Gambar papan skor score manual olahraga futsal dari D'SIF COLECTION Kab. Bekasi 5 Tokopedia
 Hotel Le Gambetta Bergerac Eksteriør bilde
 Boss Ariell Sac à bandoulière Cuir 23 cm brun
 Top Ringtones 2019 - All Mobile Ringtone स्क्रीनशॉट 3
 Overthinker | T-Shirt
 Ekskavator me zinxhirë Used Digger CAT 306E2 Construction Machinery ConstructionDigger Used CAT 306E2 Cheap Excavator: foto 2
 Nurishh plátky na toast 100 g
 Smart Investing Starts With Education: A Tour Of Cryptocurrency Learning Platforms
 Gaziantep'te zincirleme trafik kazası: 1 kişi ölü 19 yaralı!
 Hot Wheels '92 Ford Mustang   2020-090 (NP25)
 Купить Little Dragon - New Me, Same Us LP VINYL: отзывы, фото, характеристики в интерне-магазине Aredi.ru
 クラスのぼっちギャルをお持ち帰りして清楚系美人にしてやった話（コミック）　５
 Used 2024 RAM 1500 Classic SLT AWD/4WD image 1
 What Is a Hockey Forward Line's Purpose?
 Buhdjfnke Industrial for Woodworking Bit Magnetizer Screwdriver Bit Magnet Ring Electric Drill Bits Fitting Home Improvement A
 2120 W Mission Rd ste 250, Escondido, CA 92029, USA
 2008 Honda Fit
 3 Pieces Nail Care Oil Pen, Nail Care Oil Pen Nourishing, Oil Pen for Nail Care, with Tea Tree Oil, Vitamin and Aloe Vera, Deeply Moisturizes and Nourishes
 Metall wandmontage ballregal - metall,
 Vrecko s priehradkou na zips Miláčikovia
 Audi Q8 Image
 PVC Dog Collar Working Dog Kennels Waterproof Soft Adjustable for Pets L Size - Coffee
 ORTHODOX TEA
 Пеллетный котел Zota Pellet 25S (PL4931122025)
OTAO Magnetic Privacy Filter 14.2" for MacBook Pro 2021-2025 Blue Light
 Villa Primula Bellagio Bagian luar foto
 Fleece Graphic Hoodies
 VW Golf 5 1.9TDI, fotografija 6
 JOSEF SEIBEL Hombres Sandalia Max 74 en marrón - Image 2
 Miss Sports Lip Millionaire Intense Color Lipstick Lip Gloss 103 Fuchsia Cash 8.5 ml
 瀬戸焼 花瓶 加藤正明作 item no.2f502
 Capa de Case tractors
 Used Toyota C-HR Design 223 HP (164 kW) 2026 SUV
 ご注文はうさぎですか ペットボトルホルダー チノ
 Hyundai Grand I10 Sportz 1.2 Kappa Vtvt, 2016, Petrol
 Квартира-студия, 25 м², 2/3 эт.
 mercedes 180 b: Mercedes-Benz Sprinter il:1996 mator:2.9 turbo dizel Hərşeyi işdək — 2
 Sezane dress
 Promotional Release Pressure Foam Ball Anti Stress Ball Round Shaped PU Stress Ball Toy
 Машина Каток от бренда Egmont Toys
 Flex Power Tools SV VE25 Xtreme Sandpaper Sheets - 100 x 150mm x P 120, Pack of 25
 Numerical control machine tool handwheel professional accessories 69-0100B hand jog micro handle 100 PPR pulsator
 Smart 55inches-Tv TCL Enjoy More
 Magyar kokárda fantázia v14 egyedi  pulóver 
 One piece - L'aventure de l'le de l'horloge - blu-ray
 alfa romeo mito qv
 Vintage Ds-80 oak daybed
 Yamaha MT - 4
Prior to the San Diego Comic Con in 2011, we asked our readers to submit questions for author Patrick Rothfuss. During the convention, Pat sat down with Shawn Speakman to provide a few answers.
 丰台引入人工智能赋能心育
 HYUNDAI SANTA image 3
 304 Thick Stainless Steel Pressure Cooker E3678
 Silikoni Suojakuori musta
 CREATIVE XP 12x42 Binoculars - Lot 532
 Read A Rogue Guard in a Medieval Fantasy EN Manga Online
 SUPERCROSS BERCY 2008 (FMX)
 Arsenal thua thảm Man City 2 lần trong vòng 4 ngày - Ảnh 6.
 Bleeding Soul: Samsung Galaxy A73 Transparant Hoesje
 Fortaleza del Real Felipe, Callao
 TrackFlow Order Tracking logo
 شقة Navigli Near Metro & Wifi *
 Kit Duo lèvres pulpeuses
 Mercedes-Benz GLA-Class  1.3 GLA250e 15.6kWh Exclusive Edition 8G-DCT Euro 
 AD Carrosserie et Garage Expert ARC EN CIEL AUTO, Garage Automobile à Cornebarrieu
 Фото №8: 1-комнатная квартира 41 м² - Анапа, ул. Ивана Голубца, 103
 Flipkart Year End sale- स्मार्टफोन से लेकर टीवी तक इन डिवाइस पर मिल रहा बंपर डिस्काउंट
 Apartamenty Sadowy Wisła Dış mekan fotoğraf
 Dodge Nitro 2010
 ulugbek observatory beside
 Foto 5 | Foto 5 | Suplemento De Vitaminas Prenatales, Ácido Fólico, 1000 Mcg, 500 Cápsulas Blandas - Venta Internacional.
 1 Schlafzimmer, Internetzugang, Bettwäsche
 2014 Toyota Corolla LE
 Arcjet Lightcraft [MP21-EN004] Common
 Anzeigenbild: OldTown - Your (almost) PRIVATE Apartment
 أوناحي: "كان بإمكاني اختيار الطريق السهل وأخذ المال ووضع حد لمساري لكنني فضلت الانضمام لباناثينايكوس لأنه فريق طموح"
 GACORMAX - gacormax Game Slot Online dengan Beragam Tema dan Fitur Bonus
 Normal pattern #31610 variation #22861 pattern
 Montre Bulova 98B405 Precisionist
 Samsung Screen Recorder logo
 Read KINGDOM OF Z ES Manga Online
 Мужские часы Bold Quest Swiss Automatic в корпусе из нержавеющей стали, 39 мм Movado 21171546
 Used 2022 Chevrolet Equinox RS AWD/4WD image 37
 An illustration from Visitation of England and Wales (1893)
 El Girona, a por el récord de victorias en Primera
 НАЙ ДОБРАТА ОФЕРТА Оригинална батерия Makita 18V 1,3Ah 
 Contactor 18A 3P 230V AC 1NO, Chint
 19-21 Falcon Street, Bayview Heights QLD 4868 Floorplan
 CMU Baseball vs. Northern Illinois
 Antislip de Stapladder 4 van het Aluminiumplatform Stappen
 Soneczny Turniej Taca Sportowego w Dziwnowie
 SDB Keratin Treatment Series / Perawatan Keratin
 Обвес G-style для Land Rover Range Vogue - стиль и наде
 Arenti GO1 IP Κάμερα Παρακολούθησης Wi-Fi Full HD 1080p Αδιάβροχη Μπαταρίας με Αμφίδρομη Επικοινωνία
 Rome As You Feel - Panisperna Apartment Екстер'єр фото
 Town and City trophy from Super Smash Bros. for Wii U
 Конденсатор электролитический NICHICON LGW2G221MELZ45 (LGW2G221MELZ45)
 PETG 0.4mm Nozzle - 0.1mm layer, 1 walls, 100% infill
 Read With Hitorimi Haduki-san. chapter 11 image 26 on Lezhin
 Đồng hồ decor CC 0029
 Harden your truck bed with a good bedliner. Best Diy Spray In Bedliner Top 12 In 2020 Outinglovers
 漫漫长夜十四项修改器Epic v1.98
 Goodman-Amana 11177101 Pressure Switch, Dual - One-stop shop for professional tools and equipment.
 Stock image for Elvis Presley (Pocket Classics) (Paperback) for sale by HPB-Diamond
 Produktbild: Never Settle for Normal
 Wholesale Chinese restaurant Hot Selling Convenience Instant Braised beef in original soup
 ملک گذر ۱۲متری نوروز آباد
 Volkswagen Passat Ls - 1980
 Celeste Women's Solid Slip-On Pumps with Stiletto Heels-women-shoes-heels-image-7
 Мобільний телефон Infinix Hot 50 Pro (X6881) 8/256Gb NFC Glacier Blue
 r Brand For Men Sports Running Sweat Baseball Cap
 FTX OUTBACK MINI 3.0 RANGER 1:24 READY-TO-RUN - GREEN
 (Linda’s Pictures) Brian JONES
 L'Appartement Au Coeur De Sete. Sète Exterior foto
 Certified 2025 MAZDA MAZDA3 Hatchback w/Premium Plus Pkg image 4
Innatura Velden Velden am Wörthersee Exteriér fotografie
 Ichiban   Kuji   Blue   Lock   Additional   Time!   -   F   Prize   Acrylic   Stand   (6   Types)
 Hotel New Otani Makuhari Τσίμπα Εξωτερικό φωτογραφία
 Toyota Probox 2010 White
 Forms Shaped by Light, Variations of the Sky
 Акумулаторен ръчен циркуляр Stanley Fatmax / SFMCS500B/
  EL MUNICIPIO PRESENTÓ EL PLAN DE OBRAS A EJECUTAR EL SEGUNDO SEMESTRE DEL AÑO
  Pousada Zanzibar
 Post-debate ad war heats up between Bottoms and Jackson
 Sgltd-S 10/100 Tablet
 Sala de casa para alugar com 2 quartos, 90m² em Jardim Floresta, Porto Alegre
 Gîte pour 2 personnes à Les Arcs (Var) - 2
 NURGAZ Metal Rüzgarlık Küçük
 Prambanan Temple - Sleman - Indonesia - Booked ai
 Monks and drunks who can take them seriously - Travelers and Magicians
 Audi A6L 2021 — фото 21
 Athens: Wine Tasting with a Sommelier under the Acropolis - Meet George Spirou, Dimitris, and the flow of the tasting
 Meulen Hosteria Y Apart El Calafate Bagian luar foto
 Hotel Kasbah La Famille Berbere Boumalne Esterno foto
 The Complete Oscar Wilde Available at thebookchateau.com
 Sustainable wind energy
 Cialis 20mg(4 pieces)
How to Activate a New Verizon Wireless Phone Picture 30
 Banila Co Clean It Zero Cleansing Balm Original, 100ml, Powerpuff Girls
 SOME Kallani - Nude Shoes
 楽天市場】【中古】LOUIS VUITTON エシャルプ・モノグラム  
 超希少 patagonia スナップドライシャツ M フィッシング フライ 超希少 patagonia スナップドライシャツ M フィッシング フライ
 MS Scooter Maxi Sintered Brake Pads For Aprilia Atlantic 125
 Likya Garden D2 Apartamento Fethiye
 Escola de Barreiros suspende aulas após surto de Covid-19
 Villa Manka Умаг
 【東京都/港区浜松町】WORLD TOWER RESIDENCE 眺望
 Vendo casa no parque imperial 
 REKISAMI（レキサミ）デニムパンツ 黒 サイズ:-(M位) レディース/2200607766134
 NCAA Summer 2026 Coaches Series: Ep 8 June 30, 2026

**WORK REQUEST:**
Take the lines above from the one containing "AD Carrosserie et" to the one containing "ulugbek observatory beside" and retype them exactly, both ends included, with nothing added.

**ANSWER BOX:**
 AD Carrosserie et Garage Expert ARC EN CIEL AUTO, Garage Automobile à Cornebarrieu
 Фото №8: 1-комнатная квартира 41 м² - Анапа, ул. Ивана Голубца, 103
 Flipkart Year End sale- स्मार्टफोन से लेकर टीवी तक इन डिवाइस पर मिल रहा बंपर डिस्काउंट
 Apartamenty Sadowy Wisła Dış mekan fotoğraf
 Dodge Nitro 2010
 ulugbek observatory beside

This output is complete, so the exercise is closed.